A federal judge yesterday upheld the legality of a controversial defensive maneuver by SCM Corp., which is trying to avoid a takeover by Britain's Hanson Trust PLC.

The ruling by U.S. District Judge Shirley Wohl Kram in New York permits SCM to sell its chemical-pigment and Durkee foods businesses to a group of investors that includes SCM's top management.

Hanson argued that if SCM's plan were approved, the investor group, led by Merrill Lynch & Co., would be getting the two valuable business units for a bargain price, stripping SCM of so much value that its takeover bid would have to be abandoned.

Hanson lawyer Dennis J. Block said the decision will be appealed, and other attorneys in the case said the sale of the two units is likely to be delayed during the appeal.

The court decision is the latest round in a bidding war that began in August, when Hanson offered $60 a share, or a total of $7.35 billion, for the stock of SCM, a diversified manufacturer whose products include Smith-Corona typewriters as well as its pigment and food lines. Hanson Trust has interests in building materials, construction equipment, shoes and textiles.

SCM's board rejected the offer as insufficient and hired the investment firm Goldman, Sachs & Co. to seek a competing bid. That led to the offer from Merrill Lynch and SCM management to buy SCM for $74 a share through a combination of cash and high-risk securities known as junk bonds. Hanson's top offer is $75 a share in cash.

The SCM directors also granted the Merrill Lynch group an option to buy the food and pigment businesses for $430 million if a hostile suitor acquired more than one-third of SCM's stock. Hanson argued that the two businesses are worth up to $700 million.

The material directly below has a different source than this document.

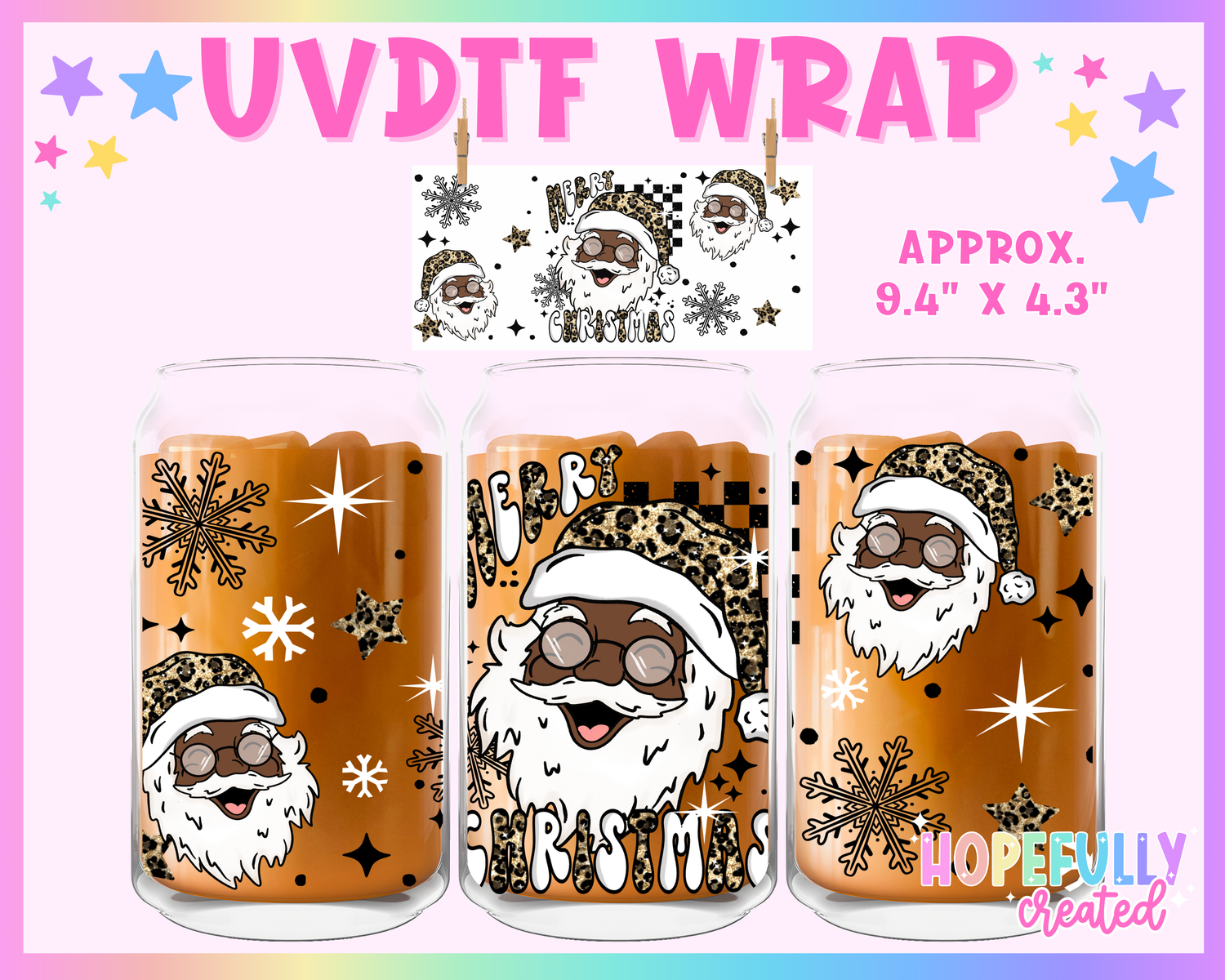 Leopard Santa (Dark Skin) UVDTF Glass Can Wrap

SCM's tactic is known as a "lock-up option," designed to cement a sale to a friendly bidder while fending off an unwanted one.

Kram ruled that SCM's board of directors had acted legally in approving the option. Her decision was based on the "business judgment" rule, which gives considerable leeway to directors to act in the best interests of the company.

But she criticized board members, saying they "did not give extensive consideration" to the value of the Merrill Lynch offer. SCM accepted the word of Goldman Sachs that the price for the two units was fair, "without ever inquiring about the range of fair values," Kram said.

"The foregoing is not condoned by this court," Kram said, but she added that courts should not second-guess directors' decisions on such issues unless there is a strong showing that the directors violated their obligations to the company and its shareholders. There was no such showing, she said.

Kram also ruled that Hanson had passed the threshhold that activates the lock-up option by purchasing more than one-third of SCM's stock in the open market. Hanson had argued unsuccessfully that its stake in SCM had not passed the one-third threshhold, if stock options and other stock rights were taken into account along with SCM's common stock.